Tesla's Model 3 is on track to begin production this year, but Elon Musk can't help but tease us with a video of the car in action. The brief clip shows what Musk says is the first release candidate version of the Model 3, which is set to be the electric automakers most affordable car, making what looks to be a speedy getaway. Meanwhile, as usual any glimpse of new Model 3 information has triggered a spate of questions from would-be owners.

Musk has answered some, including some potentially disappointing news for those with early reservations hoping for particular specifications. Asked whether all-wheel drive Model 3 would be available from launch, Musk revealed that in fact the dual-motor model won't be among the first in production.
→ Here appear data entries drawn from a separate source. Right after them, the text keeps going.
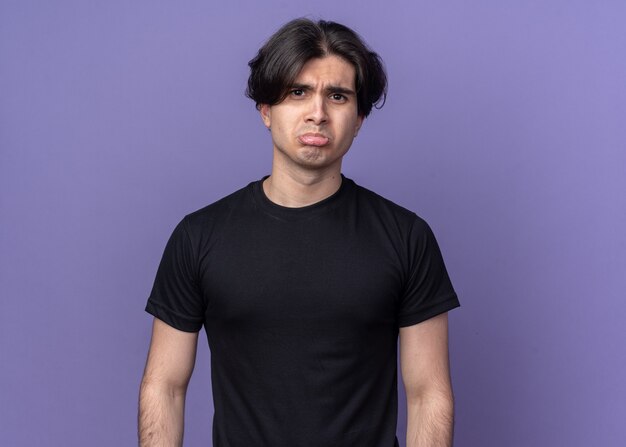 Triste jeune beau mec portant un t-shirt noir isolé sur un mur violet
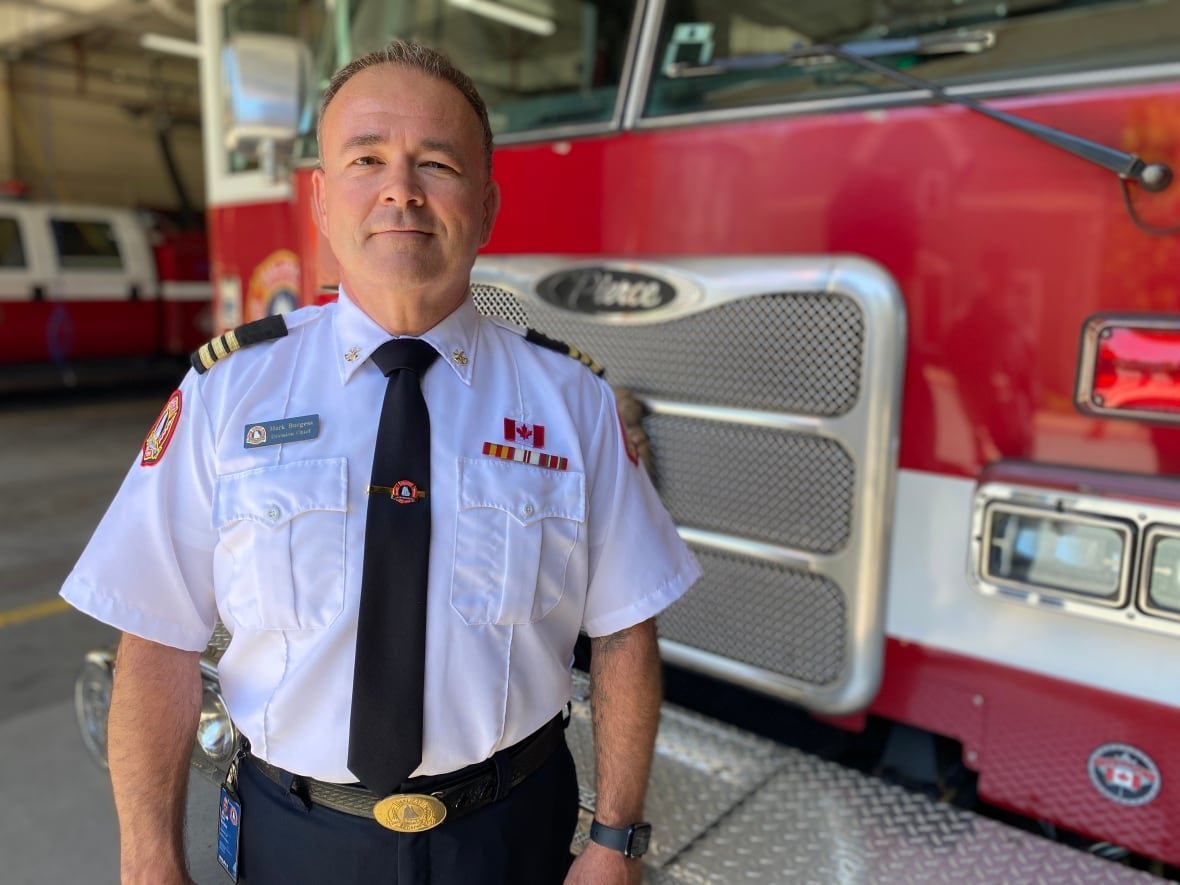 mark-burgess A man in a Halifax Fire uniform stands in front of a fire truck.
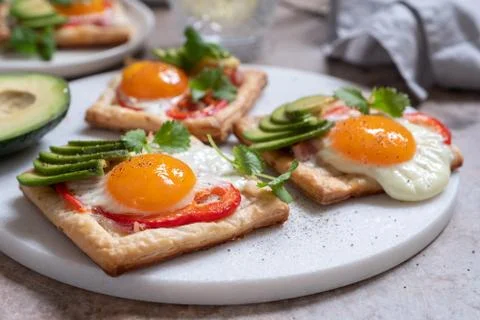 Puff pastry with fried egg, pepper and avocado Stock Photos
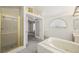Bright bathroom featuring a soaking tub, separate glass shower, and french doors to a room at 615 Cervantes Dr, Henderson, NV 89014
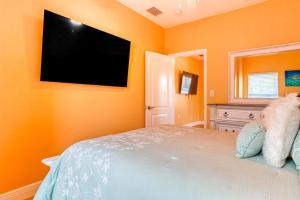 a bedroom with an orange wall with a flat screen tv at East Shore Paradise #448 in Clearwater Beach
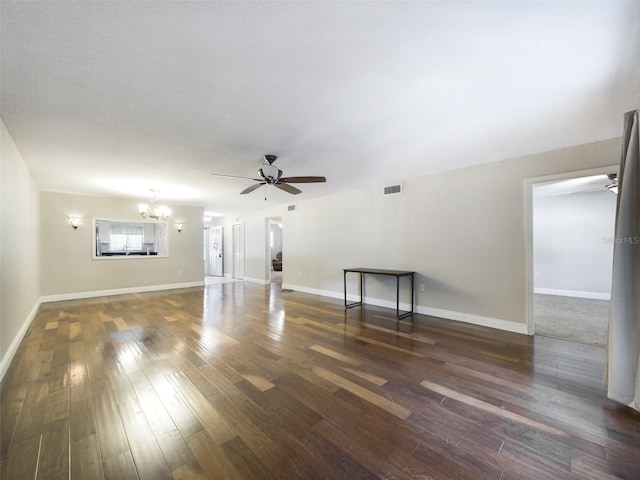 unfurnished living room featuring dark hardwood / wood-style floors and ceiling fan with notable chandelier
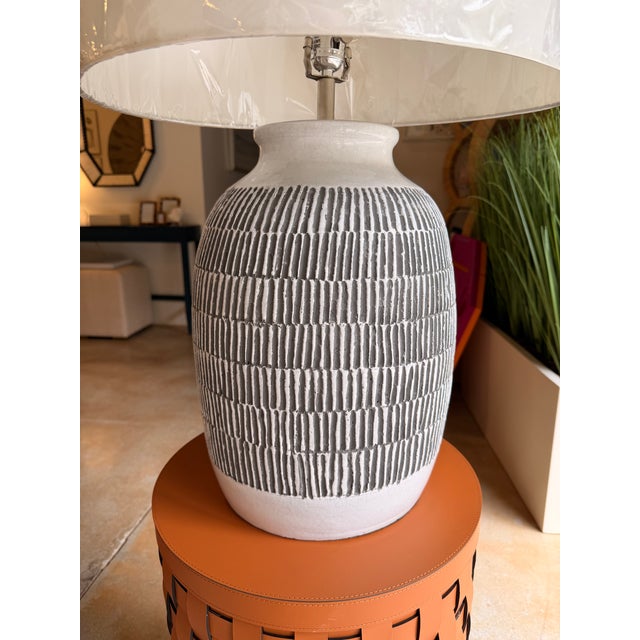 This contemporary table lamp features a textured ceramic base in soft white and charcoal gray, creating a striking yet...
According to the Tesla founder, "we are minimizing configuration complexity to keep the production ramp on schedule. RWD only for early production, just like Model S." Later questioned on exact timescales, Musk suggested that it would likely be 6-9 months before those cars were available to order.

So, the first Tesla Model 3 reservations will only be for rear-wheel drive (RWD) cars. Meanwhile, in countries like the UK where right-hand drive (RHD) cars are the norm. Production of RHD Model 3 isn't expected to begin until Summer 2018, Musk says, apologizing but insisting that Tesla is "working as fast as we can."

Those early in the reservation line – which already has around 400,000 people in it, each having paid a refundable deposit – who want a left-hand drive, AWD Model 3 will be able to wait. They'll hold their position, too (minus those who opted for RWD, of course), Musk says, though it's unclear at this point whether Tesla will confirm final pricing for the AWD car at the same time that it announces initial RWD pricing. On the Model S, AWD carries a $5k premium over the RWD cars.

The limits of the Model 3 platform have already frustrated some would-be drivers of the car. Recently, Musk revealed that there would not be a 100 kWh version of the Model 3, since the battery pack for that sort of capacity simply wouldn't fit in the packaging of the car. Indeed, as the CEO says today, the Model 3 expands the Tesla line-up rather than replacing the existing Model S. "Model 3 is just a smaller, more affordable version of Model S w less range & power & fewer features," Musk clarified. "Model S has more advanced technology."